L'idée est de maintenir un système par répartition mais harmonisé, où un euro de cotisation ouvre les mêmes droits pour tous, public comme privé, que vous soyez cheminot, médecin, professeur ou salarié. Certains métiers auront toutefois droit à des aménagements exceptionnels. "Ceux qui risquent leur vie pour la Nation", les militaires ou les policiers pourront bénéficier d'un régime dérogatoire, avec sans doute des points en plus pour partir plus tôt. Idem pour certains métiers pénibles.

Évoquée depuis la campagne présidentielle, la piste d'un régime par points devrait être officiellement retenue mercredi, selon plusieurs syndicalistes interrogés par l'AFP. Une hypothèse décriée par Force Ouvrière (FO) et la CGT. Pour Philippe Martinez, numéro un de la CGT, un système par points serait "profondément inégalitaire" et retarderait de fait l'âge de départ, fixé légalement à 62 ans dans la plupart des cas. "On va vous dire +vous pouvez partir à 62 ans+ mais si vous n'avez pas les moyens de vivre, vous allez donc continuer à travailler pour avoir plus de points", prédit-il, expliquant que "la finalité, c'est que vous allez partir à 65, 67 ans".

Flou sur le montant des futures pensions

Autre source d'inquiétude pour les syndicats : à combien s'élèveront les futures pensions ? Et comment seront-elles calculées ? Pour l'heure le gouvernement n'a pas précisé. 

En moyenne les retraités touchent aujourd'hui 75% de leur salaire.

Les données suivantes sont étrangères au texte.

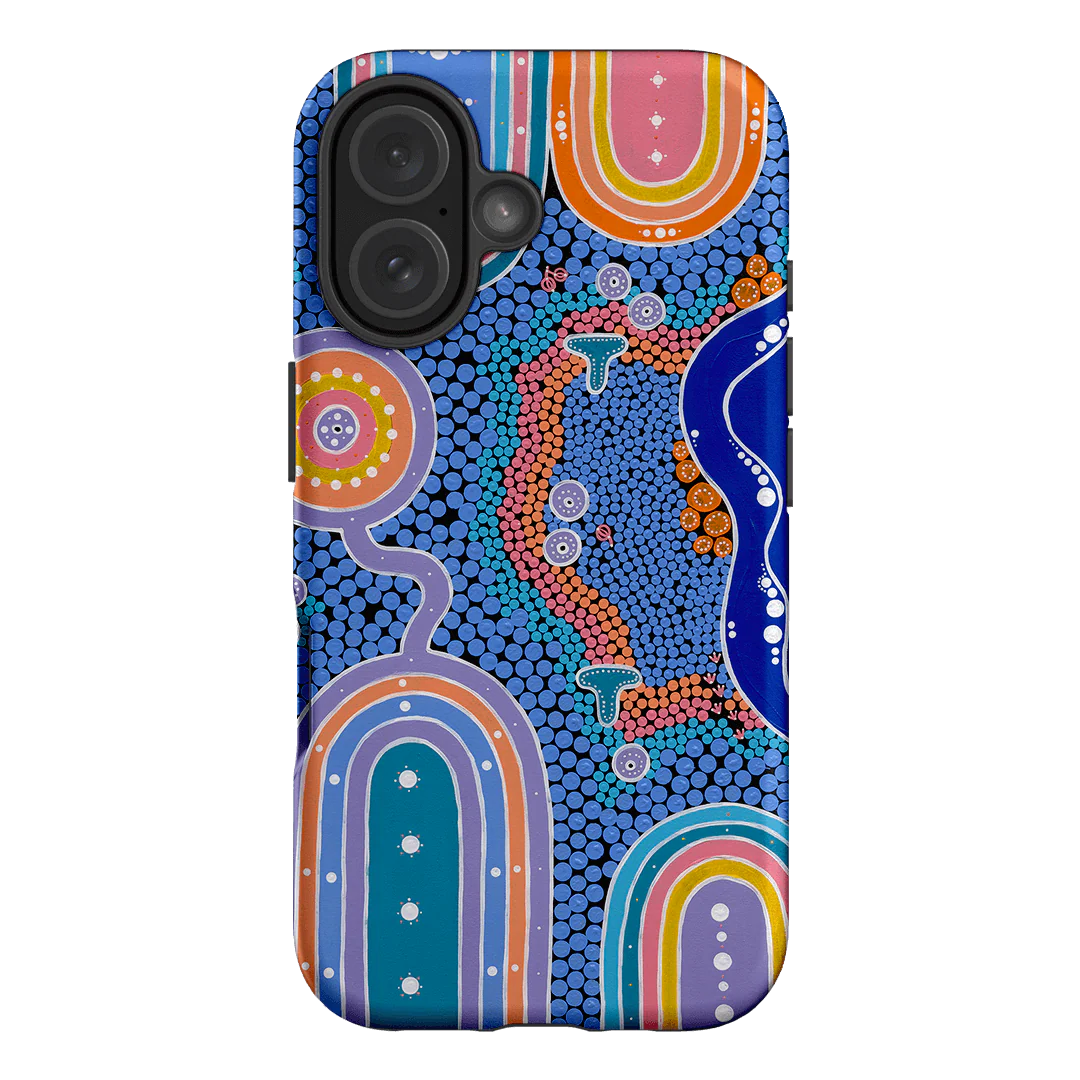 Solidarity - Image 3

Avec la réforme, cela dépendra des points qui se transformeront en euros lors du départ en retraite. Reste à définir la valeur du point.

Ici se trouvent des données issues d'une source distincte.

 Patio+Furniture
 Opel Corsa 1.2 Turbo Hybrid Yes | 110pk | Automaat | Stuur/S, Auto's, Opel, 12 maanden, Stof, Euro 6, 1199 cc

Le mode de calcul doit également changer. Actuellement, la retraite d'un salarié du privé est basée sur les 25 meilleures années et celle des fonctionnaires sur les six derniers mois d'activité. Mais à l’avenir ce sera toute la carrière qui comptera, les pensions pourront donc diminuer ou augmenter selon les cas.

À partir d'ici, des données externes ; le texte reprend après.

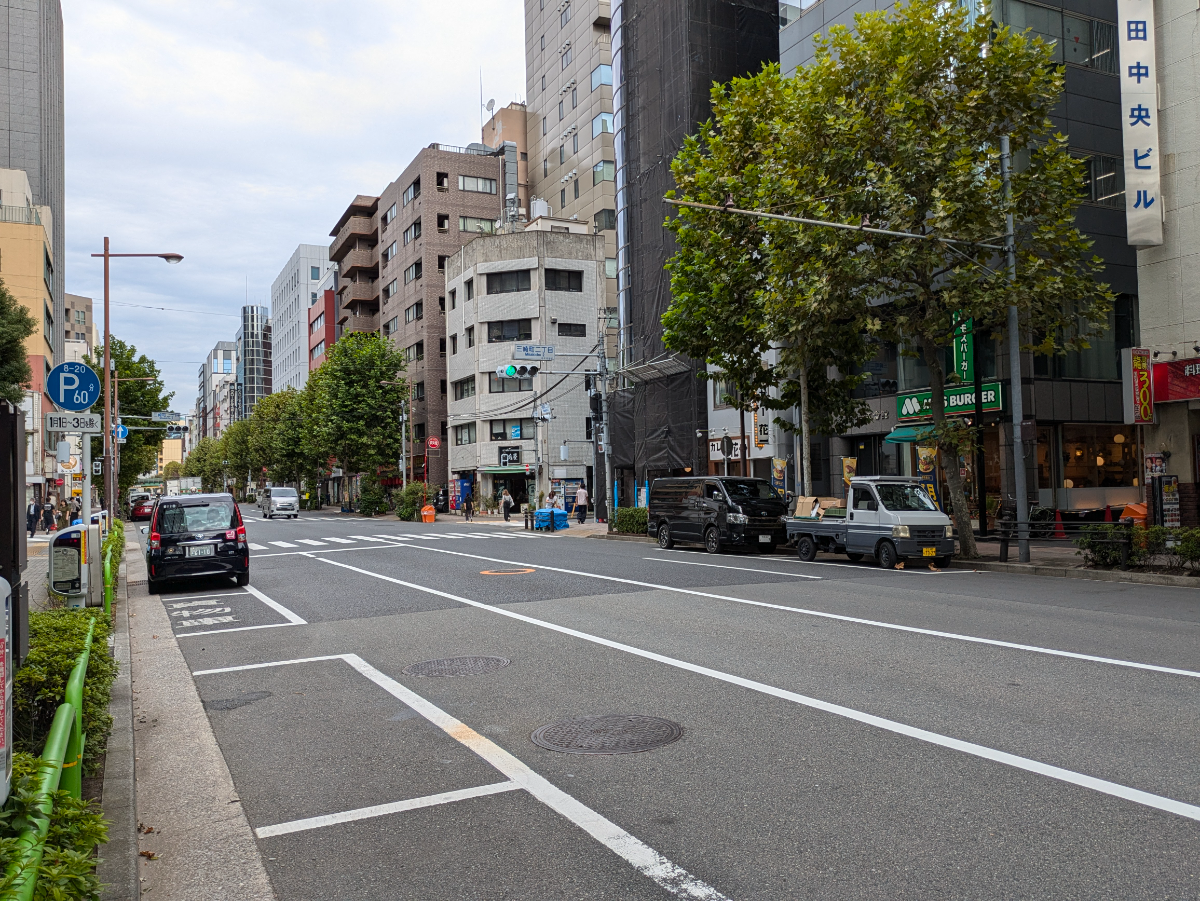 fresh/building/J00100382364_2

L'âge de départ à la retraite toujours fixé à 62 ans ?

Avec la durée de cotisation, la prise en compte des carrières longues ou des primes des fonctionnaires, la question de l'âge légal de départ à la retraite doit être débattu dans les prochains mois, durant la deuxième phase de concertation. Sur ce dernier sujet, les partenaires sociaux sont divisés. FO, la CGT et la CFDT ont déjà prévenu qu'elles mobiliseraient leurs troupes en cas de recul de l'âge de départ à la retraite.

Mais le Medef défend un système de bonus-malus poussant à travailler plus longtemps, sur le modèle de ce qui a déjà été décidé pour les retraites complémentaires des salariés du privé (Agirc-Arrco), tandis que des sénateurs ont tout bonnement proposé un report de l'âge légal.

Durant la campagne présidentielle, le candidat Macron avait fait valoir que sur les retraites, "l'enjeu n'est pas de repousser l'âge." Cependant, Jean-Paul Delevoye a de son côté avancé l'idée que chacun puisse "choisir l'âge de son départ à la retraite, à partir d'un âge pivot dont il conviendra de débattre" avant de revenir sur ses propos dans un tweet publié lundi soir dans lequel il affirme que "l'âge minimum de départ à la retraite restera à 62 ans, conformément à l'engagement du président".

Le projet de loi doit être présenté "dans le courant de l'année 2019", selon le gouvernement.